BPJS Kesehatan telah menjadi komponen utama dalam mendukung akses layanan kesehatan di Indonesia. Namun, defisit anggaran yang diperkirakan akan mencapai Rp 20 triliun pada tahun 2024 menjadi tantangan besar yang harus dihadapi. Masalah ini menimbulkan berbagai rencana terkait kenaikan iuran BPJS pada tahun 2025 yang diharapkan dapat menjaga keberlanjutan layanan. Permasalahannya, bagaimana BPJS dapat bertahan tanpa harus mengorbankan hak masyarakat terhadap akses layanan kesehatan?
Defisit BPJS Kesehatan dan Beban Anggaran
Masalah defisit anggaran BPJS Kesehatan tidak tiba-tiba terjadi begitu saja. Setahun terakhir, beban keuangan BPJS terus meningkat seiring dengan kenaikan jumlah klaim layanan kesehatan. Dilansir BBC News Indonesia (15/11), Direktur Utama BPJS Kesehatan, Ali Ghufron, mengatakan bahwa pada tahun 2014, rata-rata pengguna harian hanya mencapai 252 ribu orang, berbeda dengan tahun 2024 yang meningkat hingga 1,7 juta orang per hari. Peningkatan layanan ini tentu menggambarkan keberhasilan BPJS dalam menjangkau lebih banyak masyarakat, meskipun di sisi lain juga membebani anggaran secara signifikan.
Rendahnya tingkat kepesertaan aktif juga memperburuk kondisi. Dari 277,5 juta peserta BPJS, sekitar 50 juta peserta BPJS berstatus tidak aktif. Hal ini tentunya membuat BPJS harus menanggung klaim dengan pendapatan yang tidak mencukupi. Di sisi lain, peningkatan kasus penyakit berat, seperti jantung, stroke, kanker, dan gagal ginjal juga menjadi salah satu penyebab utama tekanan pada anggaran BPJS hingga mencapai Rp 18 triliun pada tahun 2023. Kondisi ini turut diperparah dengan masalah fraud dalam klaim layanan kesehatan hingga pemalsuan biaya pelayan yang dilakukan beberapa rumah sakit.

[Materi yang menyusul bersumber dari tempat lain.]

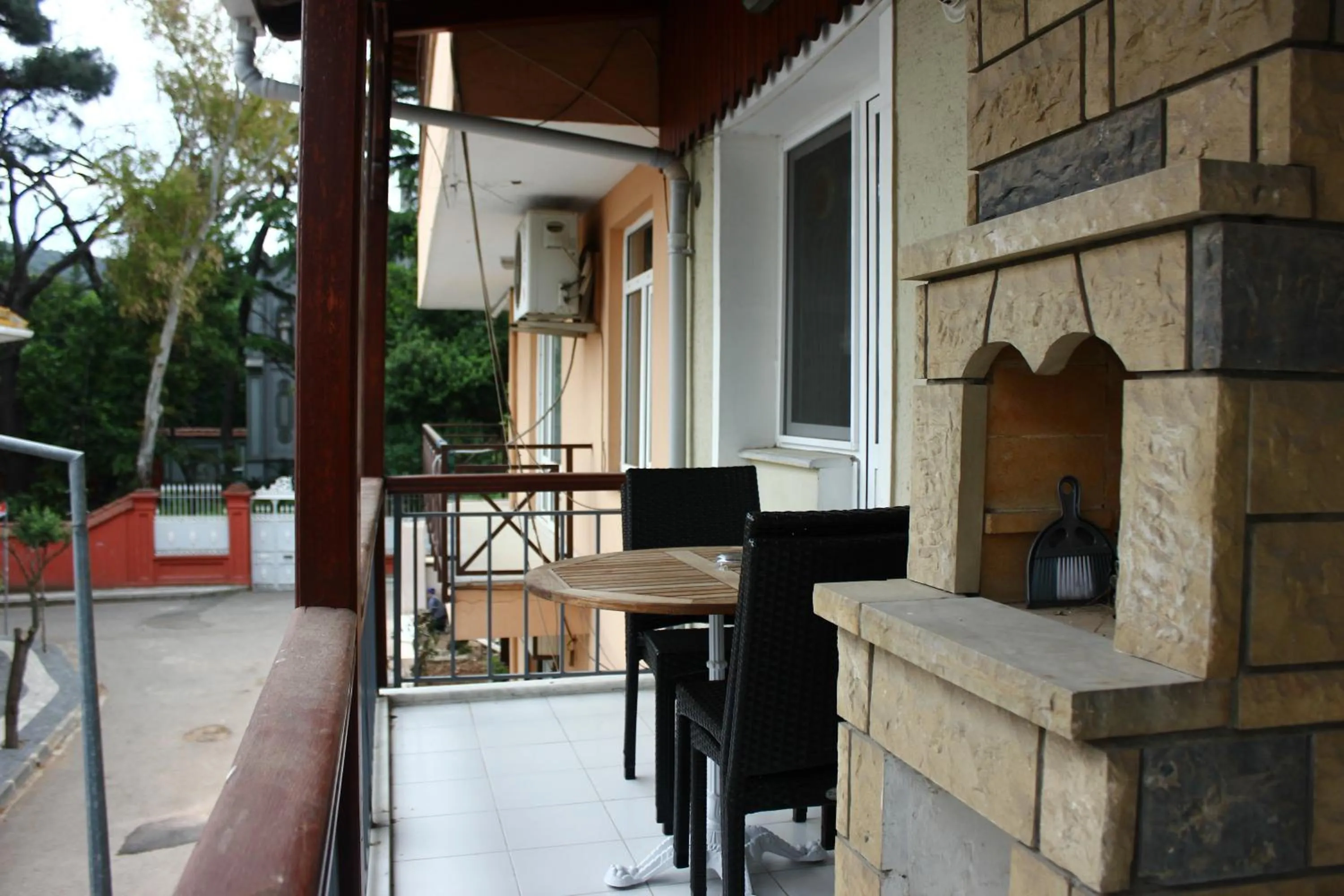 Büyükada Apart Hotel - Yeni Apart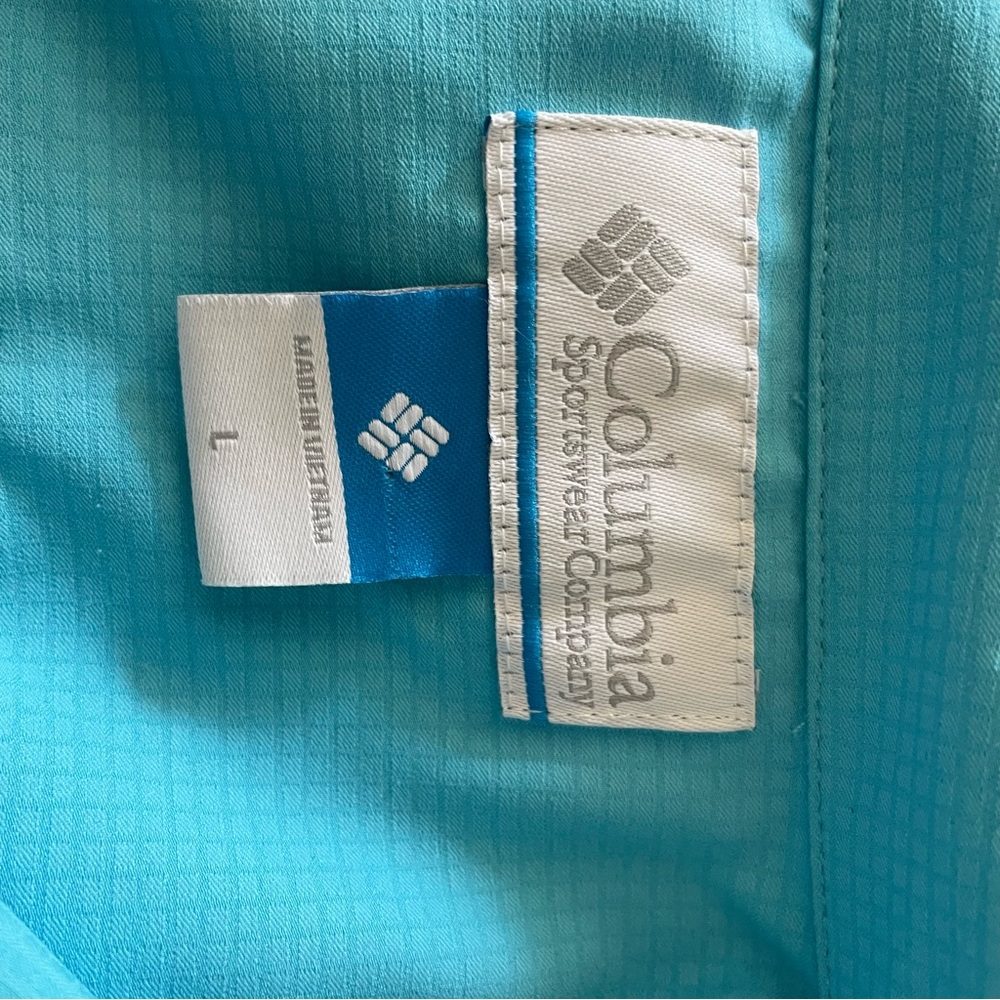 Columbia light blue Long Sleeve Women's Top button‎ up Omni shade - Picture 7 of 7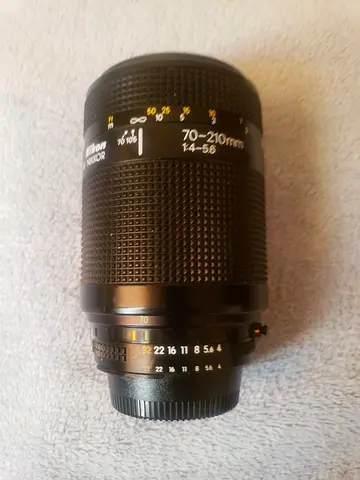 Nikon nikkor 70_210 mm lens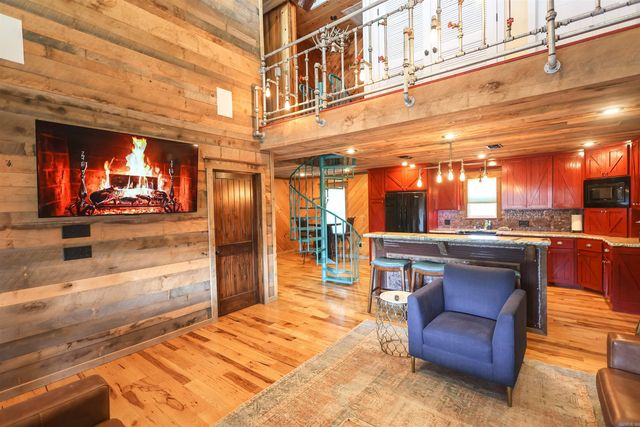 316 Tranquil Ln, Glenwood, AR 71943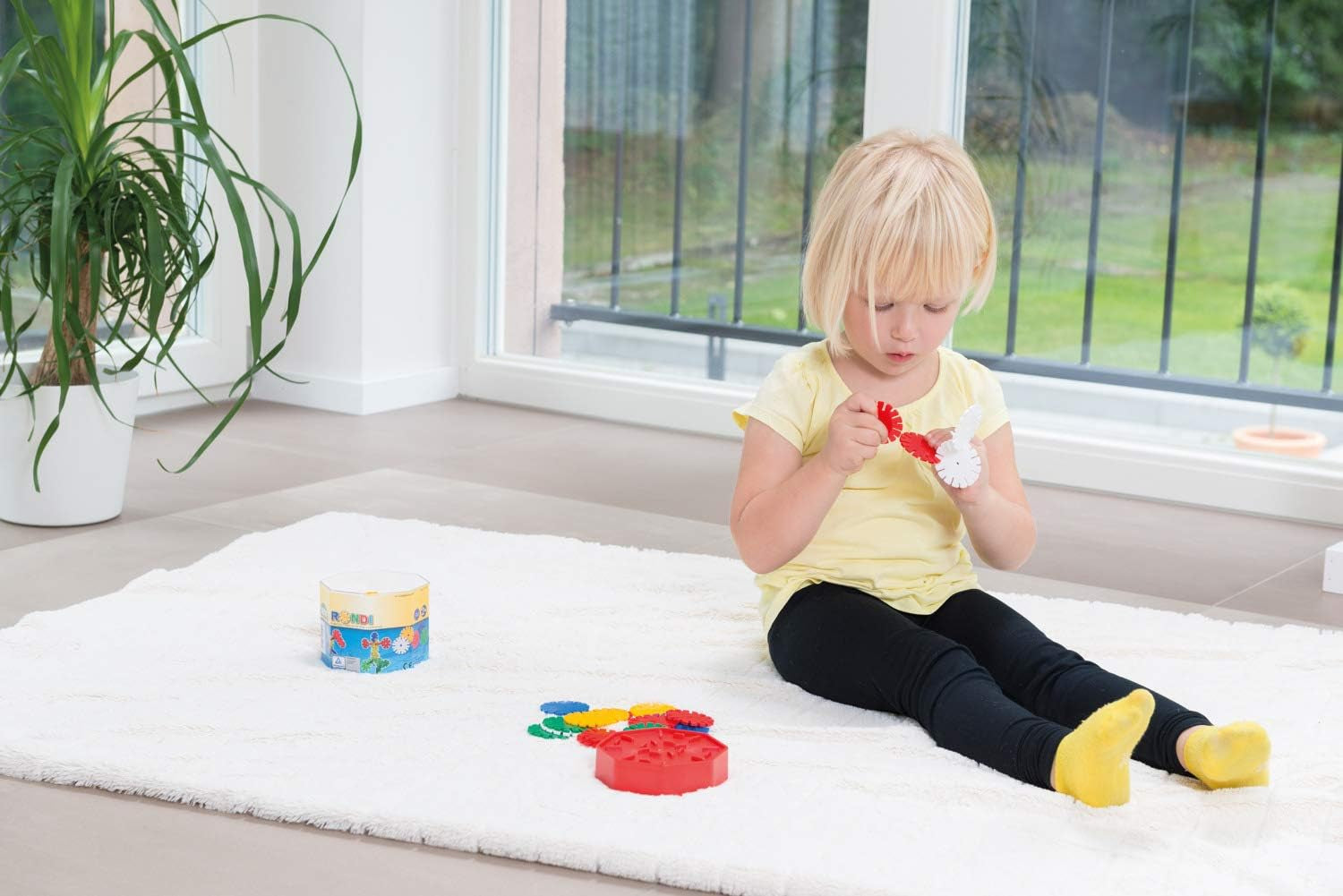 Lena 35946 Steckspiel Rondi 45 in Baudose, 55 Teile in bunten Farben, ca. 45 mm, 3 Jahre to 10 Jahr, Konstruktionsspielzeug mit Steckteilen, Mehrfarbig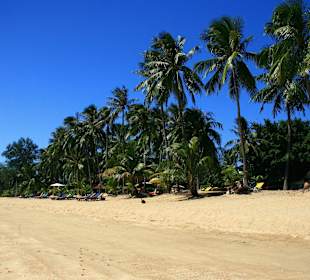 Strand Maenam beim Hotel Pinnacle Samui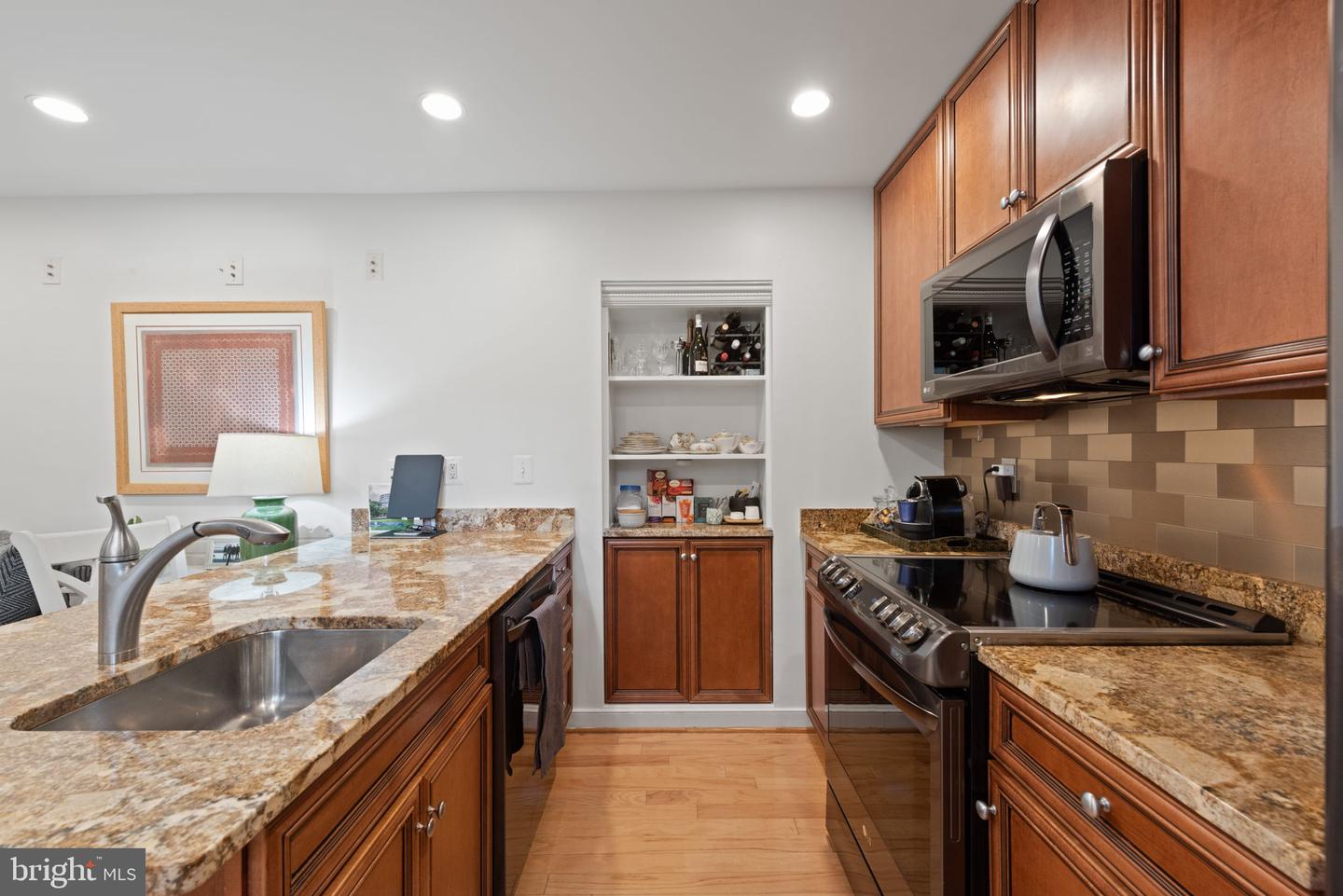 424 E Capitol St Ne #3 Property Photo 12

Kenaikan Iuran: Solusi atau Beban Baru?
Dalam mengatasi hal ini, kenaikan iuran sering kali menjadi opsi yang dipertimbangkan. Rencana ini bahkan telah ada sejak tahun 2022 dan dipertimbangkan untuk realisasinya pada tahun 2025. Hal ini tentunya dilakukan untuk menjaga keberlanjutan program BPJS. Namun, kebijakan ini juga menimbulkan dilema karena berisiko akan membebani masyarakat, khususnya kalangan menengah ke bawah.
Solusi Mempertahankan BPJS Kesehatan
Solusi yang dapat dipertimbangkan jika kenaikan iuran merupakan jalan satu-satunya adalah dengan menaikkan iuran secara bertahap menggunakan persentase yang wajar. Selain itu, solusi lain yang dapat diterapkan adalah menggunakan cost sharing di mana peserta membayar sebagian kecil biaya layanan per kunjungan sehingga dapat meringankan beban anggaran. Di sisi lain, BJPS juga perlu mengambil langkah lain untuk memastikan keberlanjutan layanan, seperti memberikan insentif kepada peserta yang patuh membayar atau memberikan sanksi bagi peserta yang menunggak. Pemerintah dapat berkontribusi dengan memperkuat program pencegahan penyakit atau preventive dengan mengedukasi masyarakat tentang gaya hidup sehat untuk mengurangi beban anggaran utama BPJS.
Meskipun harus menghadapi berbagai tantangan, pada akhirnya BPJS akan tetap menjadi harapan utama bagi sistem kesehatan di Indonesia. Dengan adanya kebijakan yang telah dipertimbangkan secara terukur dan tepat, harapannya BPJS dapat bertahan dan tetap menjadi program jaminan kesehatan yang memberikan akses bagi seluruh masyarakat di Indonesia.